Despite shoppers’ efforts to temper spending, both the food/consumables and general merchandise segments have grown for Walmart US, Furner pointed out.

“Both businesses are bigger,” he said. “The only real shift we’ve seen in the last couple of quarters, (which) we talked about at the end of Q1 as we got into the month of May, is more strength in apparel and more strength in home. Apparel is coming from both our new remodels, what we call ‘Store of the Future,’ which is great to see the improvement there. And then expansion of assortment and first-party commerce and the Marketplace have both helped our home and apparel businesses.”

Agreeing with Oppenheimer’s Parikh, Furner said the market is “definitely a bit more promotional” versus a year ago as key players have become more aggressive on pricing to draw cost-savvy shoppers. After waiting to be the “last up” to lift prices during the runup in inflation, Walmart US stepped up promotions in 2022 to clear inventory and then stabilized them in 2023, he noted. Now the Bentonville, Ark.-based retail giant is turning up the promotional heat again to keep its pricing edge.

“We wanted to maintain our price gaps, and it feels like we’re in the third phase where there’ll be more unit retail pressure across the market,” Furner explained. “So we’re definitely seeing more promotions. We have over 7,000 Rollbacks in our assortment, which is up about 45% over a year ago. During this third phase, we’re really focused on unit growth. And if we see the opportunity to lower prices, we want to be the first down.

“We’ll manage margins. We’ll invest in prices appropriately. We’ll invest in experience and associates and then manage this within the bottom line. But the 7,000 Rollbacks are a great example of what’s different this year versus last year.”

Walmart customers have embraced the Rollbacks.

“The consumers are very smart,” Furner said. “They recognize its value, and (with) a lot of items where we’ve taken 20% off the retail — or in some cases, less or more — we see up to 40% increases in units. It’s typically immediate items like french bread or some price investments made in produce have done really well. Our private-brand soft drinks we took from $1.42 to $1.”

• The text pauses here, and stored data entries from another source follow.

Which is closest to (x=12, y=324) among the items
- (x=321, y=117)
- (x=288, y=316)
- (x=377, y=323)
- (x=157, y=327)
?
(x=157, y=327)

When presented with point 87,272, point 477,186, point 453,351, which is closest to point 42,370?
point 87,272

He added, “There is more participation as of late with both brands and things that we’ve invested in on our own and for our merchants. They can invest in high-margin items and still grow units and mix categories. That’s a lever that the merchants have always had. But we are seeing more participation amongst suppliers as we try to get unit volumes up.”

When asked by Parikh about food-at-home versus food-away-from-home, Furner said Walmart US can cater to both channels as customer preferences and affordability change. But for now, consumers are still leaning toward at-home food consumption to save dollars.

“I think we’re positioned to continue to benefit, should that continue,” he said. “We’re also positioned that if that goes the other way, then we still have a lot of flexibility in channels we can deliver on. And when you look at our baskets by type of channel people shop, we can see differences. About a year ago, we saw units start to accelerate in produce, proteins and the dairy category. And when you dig into what was accelerating, it’s ingredients that would be used to cook at home, which is different than selling frozen food or packaged grocery, which of course we can do and (offer) great quality and value.”